__Problem to solve__. From the data below, return the exact lines starting at the line containing "210 SOL ARKA" and ending at the line containing "2022 AUDI Q3 照片 10", both included, and nothing else.

__Material for the task__.
++++++++

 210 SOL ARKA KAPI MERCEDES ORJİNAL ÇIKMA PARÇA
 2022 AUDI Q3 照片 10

++++++++

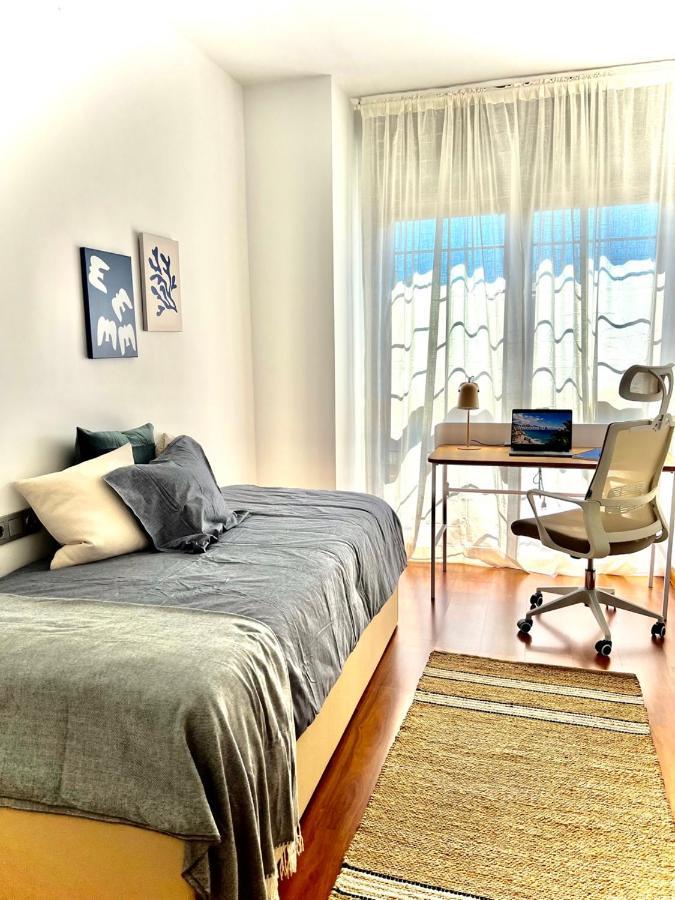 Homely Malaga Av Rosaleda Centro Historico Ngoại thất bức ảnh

++++++++

__Task output__.
 210 SOL ARKA KAPI MERCEDES ORJİNAL ÇIKMA PARÇA
 2022 AUDI Q3 照片 10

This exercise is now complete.